2. Improve the inter-sectorial cooperation and social mobilization
a) Develop and conduct mechanisms of the inter-sectorial cooperation on nutrition work from the centrality to locality; focus on integrating, cooperating with programs or projects related to nutrition.
b) Mobilize organizations, individuals, and communities to participate in implementing the Strategy. Encourage social organizations, industrial communities to participate in implementing the Strategy via sponsorship for nutritional activities; ensure nutrition at workplaces; produce healthy nutritional products, and comply with regulations on production and trading of nutritional products, food.
3. Strengthen communication and education on nutrition
a) Strengthen the communication and mobilization to policy-making groups in order to incorporate nutrition work into strategies, programs, projects, or plans implemented in localities.

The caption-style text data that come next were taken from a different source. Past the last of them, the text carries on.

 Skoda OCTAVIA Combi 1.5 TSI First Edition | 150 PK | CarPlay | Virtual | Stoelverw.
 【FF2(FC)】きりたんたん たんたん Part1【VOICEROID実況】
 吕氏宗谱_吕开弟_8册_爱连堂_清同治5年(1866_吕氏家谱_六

b) Organize the implementation of communication activities with types, methods, contents suitable for each region, group of subjects in order to improve knowledge; practice proper nutrition especially in preventing stunting malnutrition, micronutrient deficiency; controlling overweight - obesity and other non-infectious chronic diseases related to nutrition for all people.

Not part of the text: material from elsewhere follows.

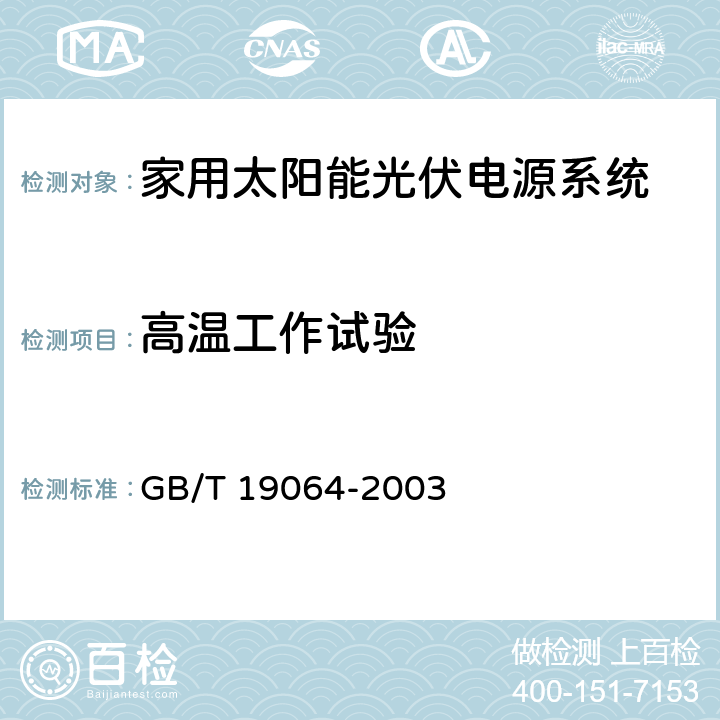 高温工作试验 家用太阳能光伏电源系统技术条件和试验方法 GB/T 19064-2003 8.4.11.4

c) Improve the efficiency of communication, education, or provision of advice on the practice of proper nutrition according to the life cycle. Focus on providing soft skill education; strengthen the cooperation between schools, families, and society to form a healthy lifestyle and habits of proper nutrition.
d) Increase the amount of time for communication and guidance on proper nutrition in the mass media especially on the Vietnam Television, Voice of Vietnam, Television and Broadcasting Station of provinces, online broadcasting system, social media, and other digital communication platforms.

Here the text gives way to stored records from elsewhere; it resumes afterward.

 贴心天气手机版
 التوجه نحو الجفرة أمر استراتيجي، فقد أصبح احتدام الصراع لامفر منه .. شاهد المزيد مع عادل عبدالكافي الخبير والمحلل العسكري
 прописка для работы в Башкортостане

4. Strengthen and improve the quality of human resources
a) Consolidate and develop nutrition staff; ensure the sustainability, especially of the network of specialized nutritionists and medical staff in rural areas; standardize clinical nutritionists.
b) Develop the curriculum; standardize training documents about nutrition in the medical school system; improve nutritional teaching or training capability for the teaching staff of schools; improve the quality of training and advanced training contents on nutrition work in schools, hospitals, and communities.
c) Improve the capability of officers of ministries, divisions, central authorities, unions, social organizations, non-governmental organizations, religious organizations in terms of integrating nutritional activities into programs or projects.
5. Enhance technical expertise for the implementation of nutritional intervention a) Improve meal quality; ensure food security and nutrition security
- Develop and disseminate dietary reference intakes, food pyramid, proper nutrition advice, menu, proportion, diet, and physical activities suitable for every subject.
- Develop regulations and provide guidelines for food labeling, nutrition labeling; enhance education and provision of advice for the people in order to create the needs of using varied, healthy, and nutritious food.
- Develop plans, nutritional agriculture models, and guidelines for food security and meal quality at households.
b) Increase the coverage and enhance the quality of essential nutritional interventions
- Develop and effectively implement programs, projects, and models of essential nutritional intervention such as: nutrition care in the first 1000 days of life (nutrition care for pregnant and breastfeeding women; exclusively breastfeeding for the first 6 months; proper additional meal and continuation of breastfeeding for children from 6 to 23 months old); monitor the children’s growth and development; manage and treat children with acute malnutrition; prevent micronutrient deficiency in mothers and children; ensure clean water, personal and environmental hygiene.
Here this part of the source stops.